Jewish Olympics: 10 Oregonians Bound for 19th Maccabiah Games

More than 9,000 athletes from 72 countries are expected to participate in the 19th Maccabiah Games in Israel July 18-30, including nine athletes and an accommodations manager from Oregon. The Maccabiah Games began in 1932 in what was then British-ruled Palestine. Held every four years in Israel, the Maccabiah Games now are the third-largest international sporting event after the Olympics and the World University Games.

The Maccabiah Games are intended not only to encourage athletic excellence, but also to foster a sense of Jewish belonging and pride among the participants, to which end juniors/youth/open athletes and staff will participate in the seven-day Israel Connect education and cultural program that takes athletes to cultural and historic sites to experience firsthand their own connection with Israel and Judaism. At least three members of the Oregon contingent have participated in the games before, though two will have different roles this time around.

Portland native Joji Kurosaki says  “For a person of Jewish heritage, the Maccabiah Games are the most important and meaningful athletic competition in the world. The games represent all that is good about sports. Maccabiah is about heritage, awareness, peace and athletic competition.”

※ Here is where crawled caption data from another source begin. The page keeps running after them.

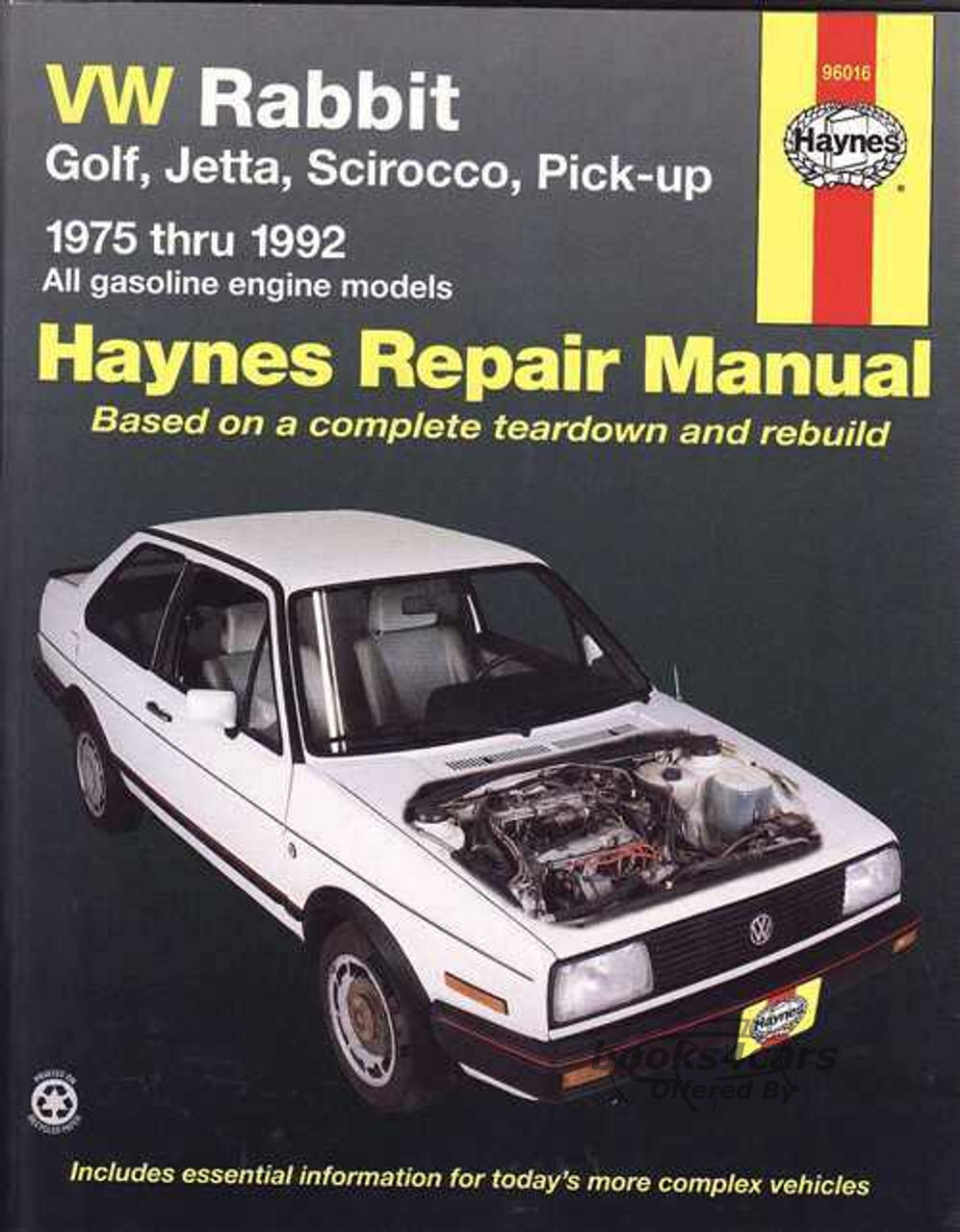 view cover of 1975-1992 VW Volkswagen Rabbit Golf Jetta Scirocco Pickup Shop Service Repair Manual by Haynes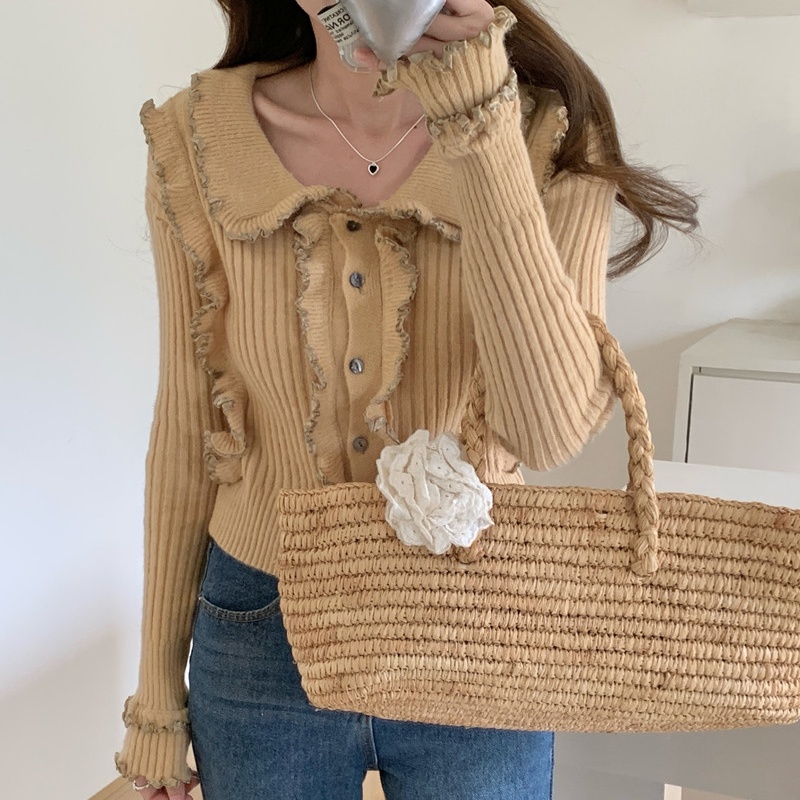 Lapel long sleeve slim tops wood ear temperament sweater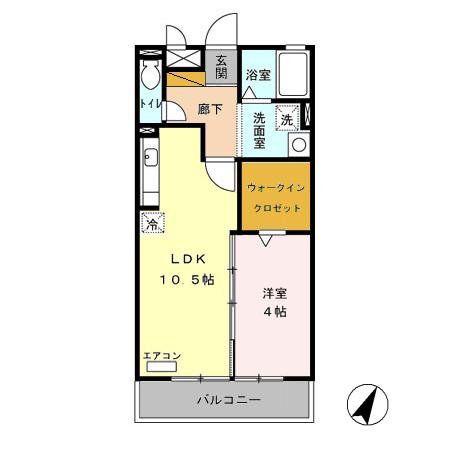 グランドパレス(1LDK/2階)の間取り写真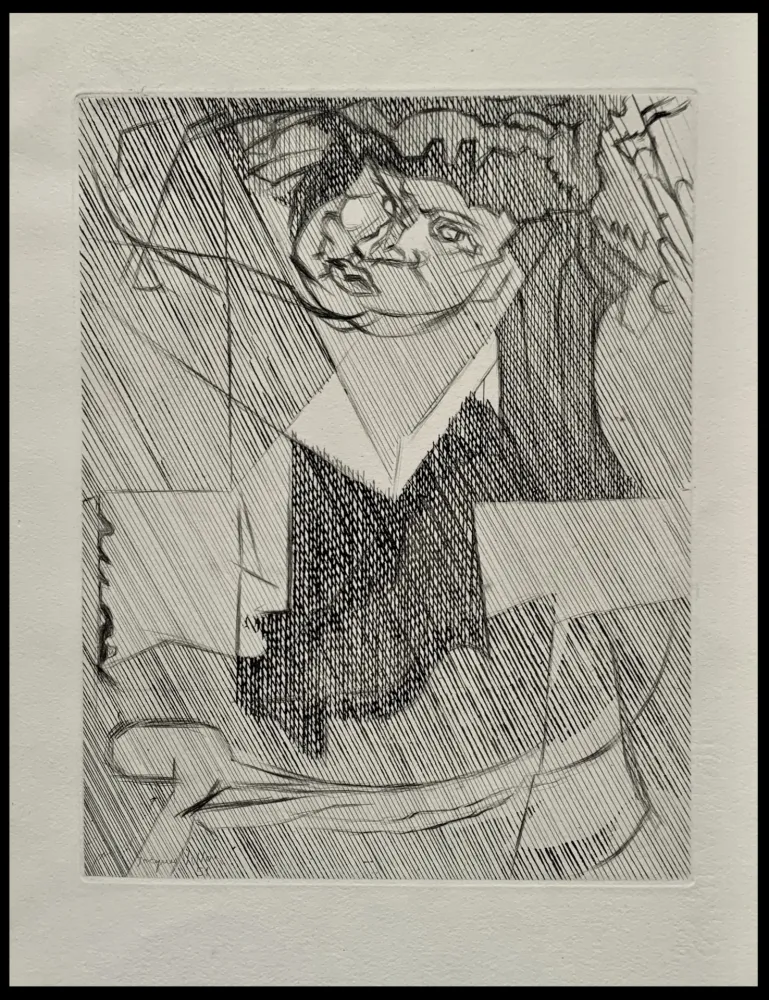 Água-Forte Villon - Tête de femme 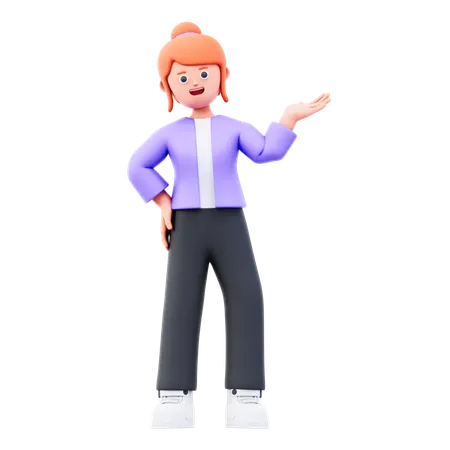 Businesswoman Showing Something Right 3D Illustration
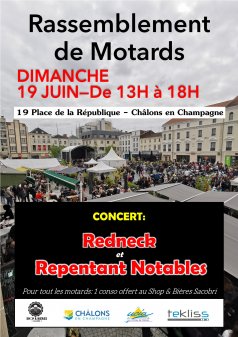 Affiche de l'évènement Rassemblement de motard à Châlons-en-Champagne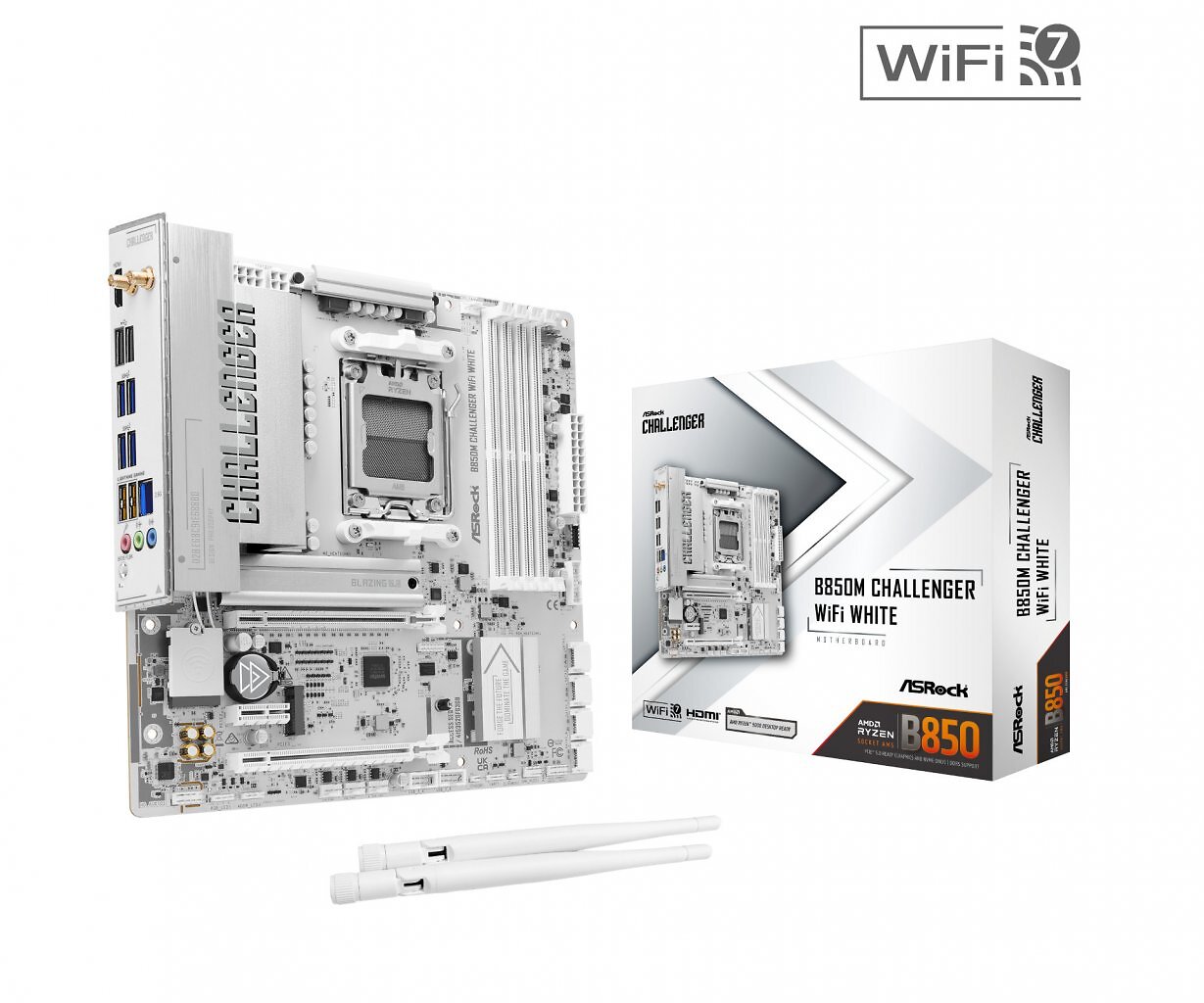[08/04/2026] ASRock B850M Challenger WiFi White: AM5-Micro-ATX-Mainboard für weiße Builds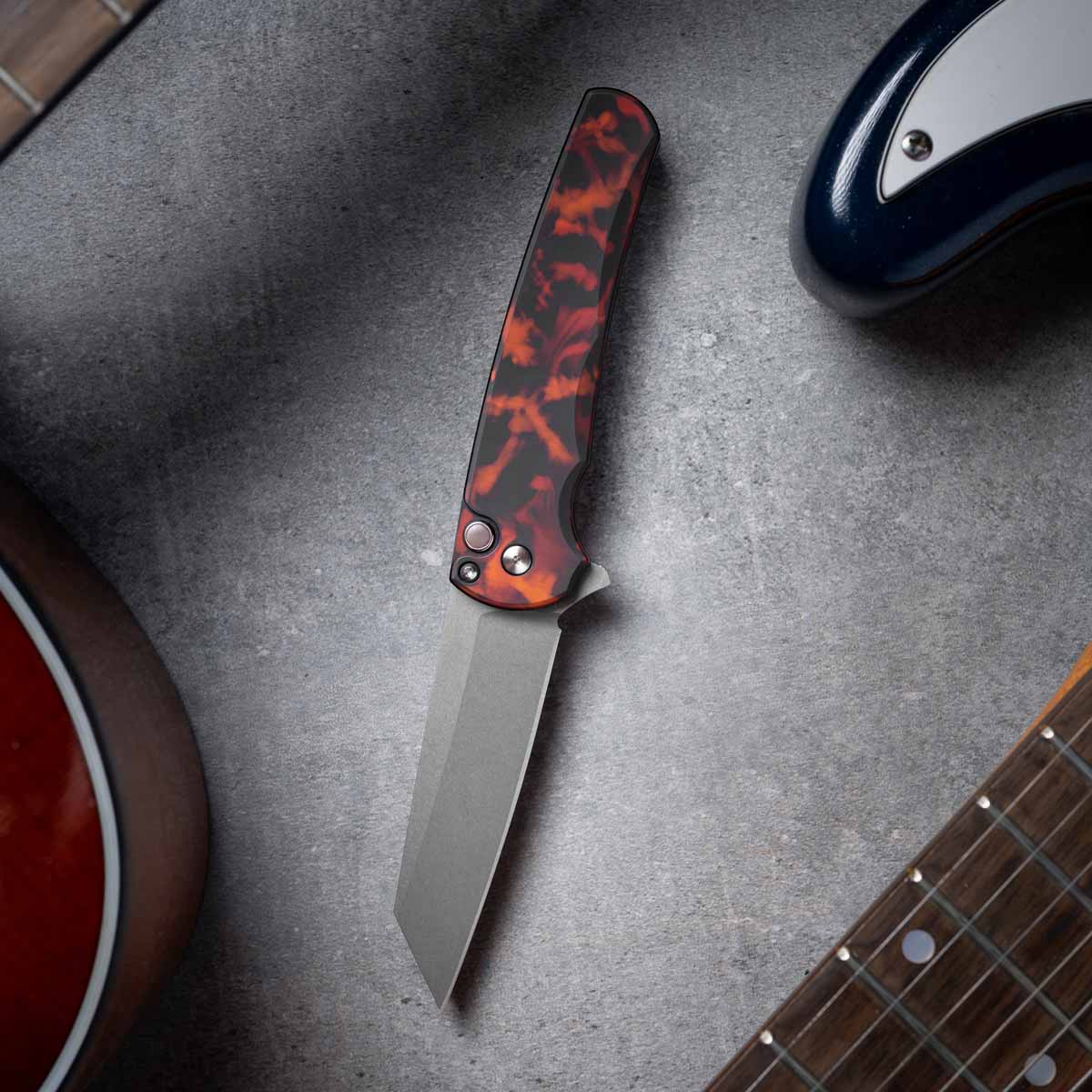 Pro-Tech - Malibu Flipper, "Del Fuego" Custom Handle, Magnacut Reverse Tanto Blade, Stonewash Finish - 5401-DF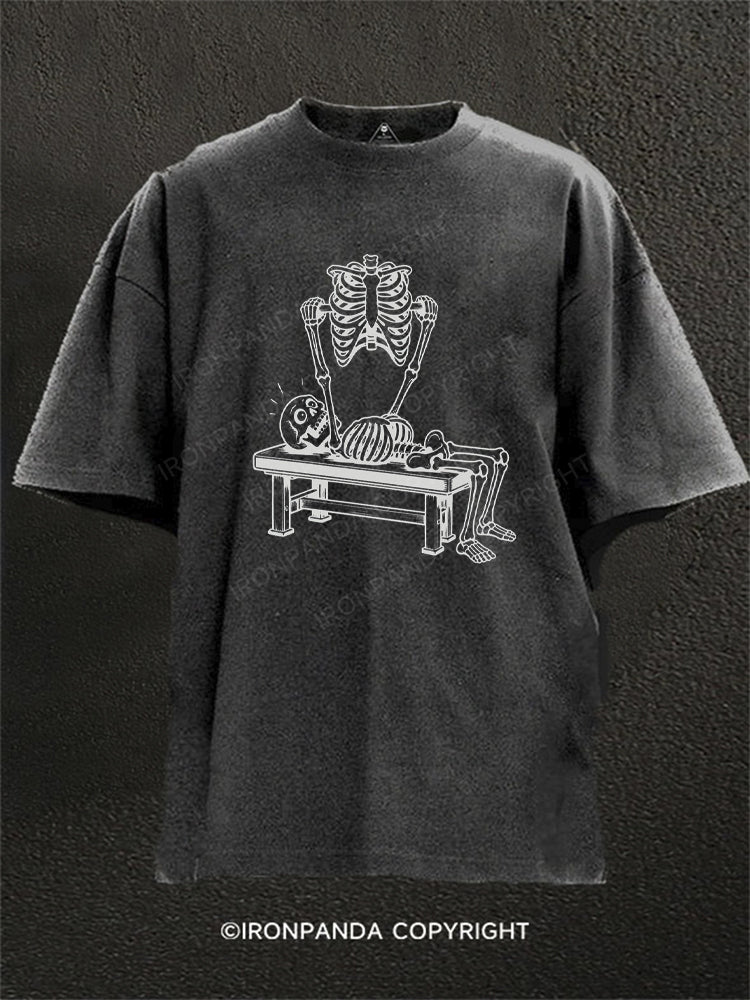 Funny Skeleton Bench Press Washed Gym Shirt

After winning a bronze medal in rugby at the 2009 Maccabiah Games, Joji was invited to play international rugby. He moved to Sydney, Australia, in January 2010 to play rugby for a year, where he is on a team with some of the Australian Maccabiah players he met in 2009. He’s still living there, but will be competing on the Maccabi USA rugby team for the second time.

“I can’t tell you how proud I am to have been selected again. It is an unbelievable honor and a privilege to be able to represent my country alongside some of the best Jewish athletes America has to offer. I wouldn’t miss this opportunity for the world. Although Australia is now my home, Oregon is where I became the person I am now, and the Jewish community had a huge part in that.”

A majority of his family still lives in Oregon. Joji attended Portland Jewish Academy in fifth grade, participated in BBYO and belonged to Neveh Shalom, where he became a bar mitzvah. Portlander Glen Coblens has been involved with Maccabi USA since 1999. In 2000 he went to Israel with Maccabi USA to participate in a planning meeting for the 2001 Maccabiah. At the 2001 games he was the team manager of the women’s basketball team, returning in 2005 with that team as chair and assistant coach. This year Glen will compete for the first time – in men’s masters basketball.

“It will be totally different as an athlete because I get to play as part of a team and hang out, play and compete with men in the same age group,” Glen says. “Also I’m going with my family, and we’ll stay with my wife’s aunt in Jerusalem. We will be at a home and experience how life is in Israel. ” He and his wife, Mia Birk, have three children, ages 1, 11 and 14. “We will get to see the beauty and values of Israel and also all kinds of sports. We will meet people from around the world through sports.”

Samantha Lee, who will be running the women’s open half marathon this year, was the second-youngest soccer player on the 2001 junior women’s soccer team. “I then played with the (Maccabi USA) junior’s team and open women’s team in Australia in 2003 and Chile in 2004. I had a fantastic time playing at a higher level against teams from different countries, playing under brilliant coaches and traveling,” says Samantha. “I’m very excited to be able to travel to Israel again with the Maccabiah Games. I’m sure running, opposed to playing on a soccer team, will show its own differences in practice time and focus, but I’m also certain that I will have a much more mature outlook, understanding and appreciation of this opportunity on my second trip.”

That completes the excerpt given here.